* EXERCISE DIRECTIONS *
Return, word for word, every line starting at the line with "May include: A" and ending at the final line of the entries; skip the pictures.
....................
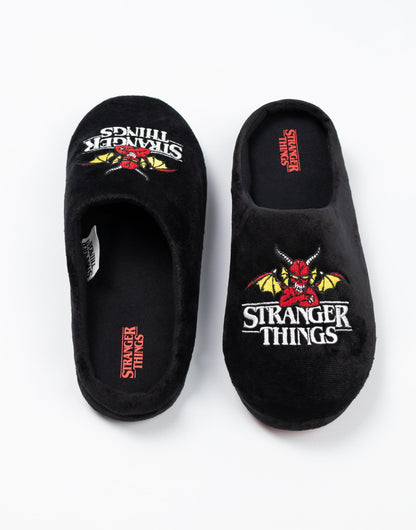 Stranger Things Unisex Black Logo Mule Slippers | Indoor Lounging Footwear with TV Show Design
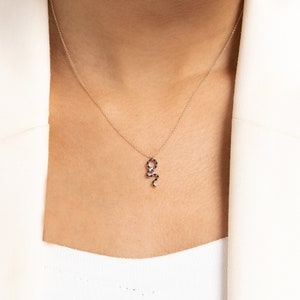 Minimal Snake Necklace Diamond-Sapphire-Spinal Gold-Rose Gold-White Gold 14k image 1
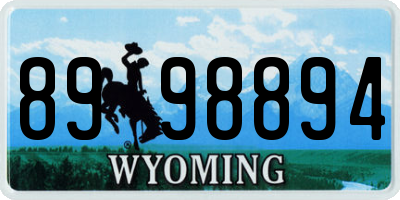 WY license plate 8998894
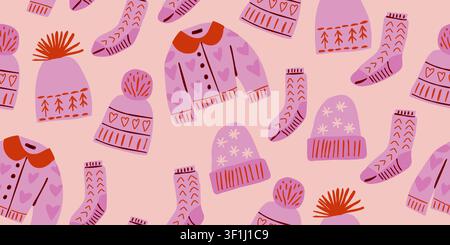 Seamless pattern with pink knitted sweaters, beanies, socks and cozy winter clothing on a soft peach background. Cute feminine autumn and Christmas design for fabric, wallpaper, wrapping paper. Vector illustration Stock Vector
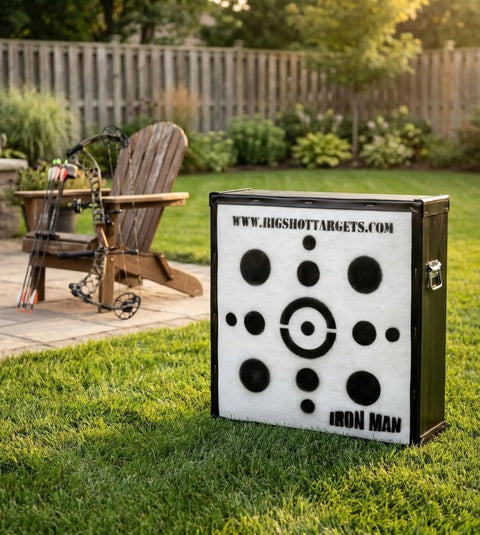 Iron Man 30 Inch Archery Target For Personal Range, 475 FPS Rated, military-grade design with a crossbow in a backyard setting.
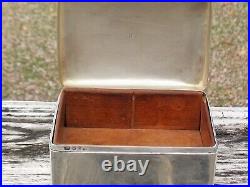 1897 sterling silver wood lined cigarette/cigar humidor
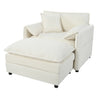 Oversized Chair With Movable Ottoman, Soft Upholstered Lounge Chair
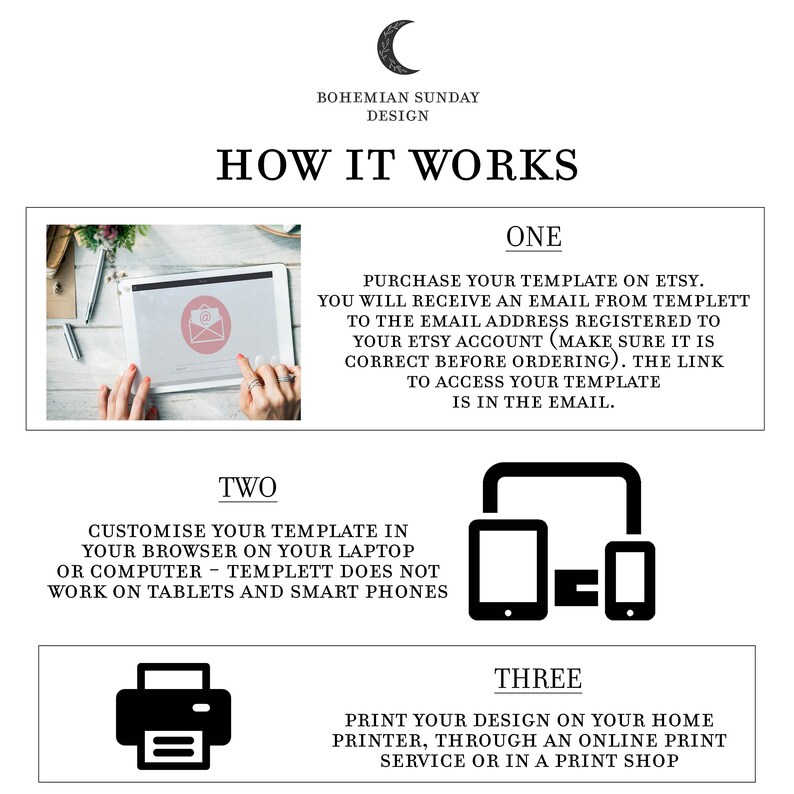 May include: A graphic illustration showing how to use a digital template. The steps are: 1. Purchase the template on Etsy. 2. Customise the template in your browser. 3. Print the design on your home printer, through an online print service, or at a print shop.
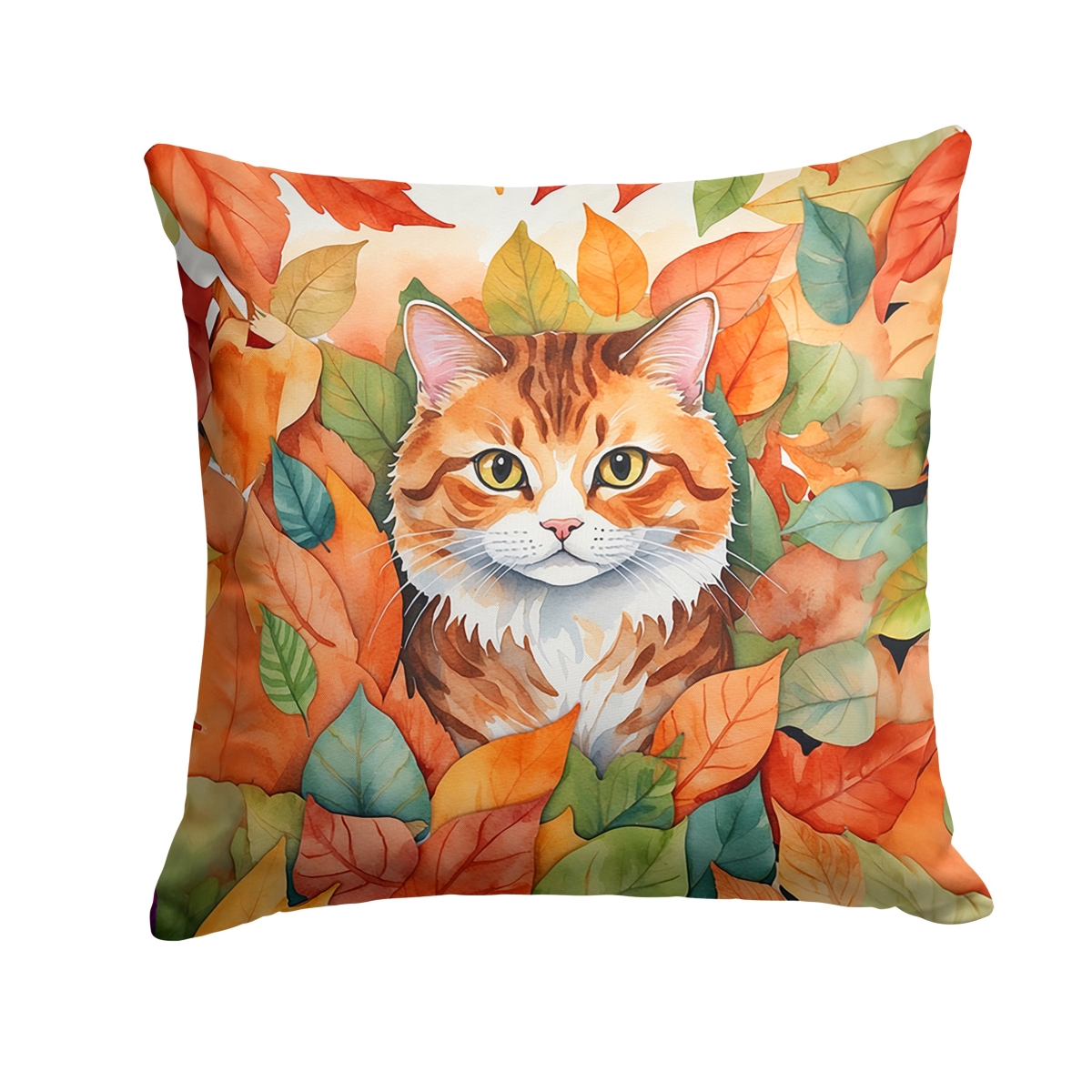 DAC7134PW1414 14 x 14 in. Foldex Exotic Fold Cat in Fall Leaves Throw Pillow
....................
* RESULT OF THIS EXERCISE *
 May include: A graphic illustration showing how to use a digital template. The steps are: 1. Purchase the template on Etsy. 2. Customise the template in your browser. 3. Print the design on your home printer, through an online print service, or at a print shop.
 DAC7134PW1414 14 x 14 in. Foldex Exotic Fold Cat in Fall Leaves Throw Pillow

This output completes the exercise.